Moody's Ratings downgraded the US long-term issuer and senior unsecured ratings to 'Aa1' from 'Aaa' and changed the outlook to stable from negative.
In a statement, the credit rating agency said, "This one-notch downgrade on our 21-notch rating scale reflects the increase over more than a decade in government debt and interest payment ratios to levels that are significantly higher than similarly rated sovereigns."
Successive US administrations and Congress failed to agree on measures to reverse the trend of large annual fiscal deficits and growing interest costs, Moody's said.
"We do not believe that material multi-year reductions in mandatory spending and deficits will result from current fiscal proposals under consideration," it noted.

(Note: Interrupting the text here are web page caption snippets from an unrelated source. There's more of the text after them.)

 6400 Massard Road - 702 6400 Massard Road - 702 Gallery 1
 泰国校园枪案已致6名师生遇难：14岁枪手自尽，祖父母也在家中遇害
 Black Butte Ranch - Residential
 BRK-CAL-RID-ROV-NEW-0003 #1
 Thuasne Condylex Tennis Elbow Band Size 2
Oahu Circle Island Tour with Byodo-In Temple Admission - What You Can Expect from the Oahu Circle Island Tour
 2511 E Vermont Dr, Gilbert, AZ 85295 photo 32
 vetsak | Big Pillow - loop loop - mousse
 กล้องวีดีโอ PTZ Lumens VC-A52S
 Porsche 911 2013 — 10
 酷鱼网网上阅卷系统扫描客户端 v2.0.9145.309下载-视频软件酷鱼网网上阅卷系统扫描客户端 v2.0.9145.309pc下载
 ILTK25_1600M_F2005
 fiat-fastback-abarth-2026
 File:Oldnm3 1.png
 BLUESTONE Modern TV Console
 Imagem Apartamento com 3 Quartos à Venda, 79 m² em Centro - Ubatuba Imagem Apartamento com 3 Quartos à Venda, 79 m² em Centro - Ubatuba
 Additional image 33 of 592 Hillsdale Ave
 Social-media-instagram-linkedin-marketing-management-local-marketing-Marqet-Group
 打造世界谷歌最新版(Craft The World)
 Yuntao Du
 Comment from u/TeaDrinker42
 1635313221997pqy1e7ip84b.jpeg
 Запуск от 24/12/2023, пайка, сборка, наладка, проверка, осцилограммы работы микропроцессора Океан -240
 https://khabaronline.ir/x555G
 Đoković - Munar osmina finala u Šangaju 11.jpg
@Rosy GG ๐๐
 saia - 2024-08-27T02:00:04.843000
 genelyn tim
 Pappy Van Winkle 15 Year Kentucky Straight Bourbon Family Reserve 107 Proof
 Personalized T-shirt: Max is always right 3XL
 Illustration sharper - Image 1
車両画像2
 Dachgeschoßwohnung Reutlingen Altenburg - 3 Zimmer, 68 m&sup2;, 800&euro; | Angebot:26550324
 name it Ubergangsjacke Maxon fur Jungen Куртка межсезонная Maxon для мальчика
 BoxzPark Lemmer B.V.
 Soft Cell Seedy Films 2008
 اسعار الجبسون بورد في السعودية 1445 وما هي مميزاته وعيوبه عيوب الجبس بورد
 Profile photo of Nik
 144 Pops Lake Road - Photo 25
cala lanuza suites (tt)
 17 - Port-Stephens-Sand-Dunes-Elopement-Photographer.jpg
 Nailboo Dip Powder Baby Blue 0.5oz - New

Over the next decade, we expect larger deficits as entitlement spending rises while government revenue remains broadly flat. In turn, persistent, large fiscal deficits will drive the government's debt and interest burden higher. The US' fiscal performance is likely to deteriorate relative to its own past and compared to other highly-rated sovereigns.
Since the beginning of 2025, the US fiscal deficit totaled $1.05 trillion, marking a 13% increase year-on-year. However, growth in tariff revenues helped ease some of the pressure last month.
S&P downgraded the US credit rating from 'AAA' to 'AA+' in August 2011, and Fitch took the same step in August 2023.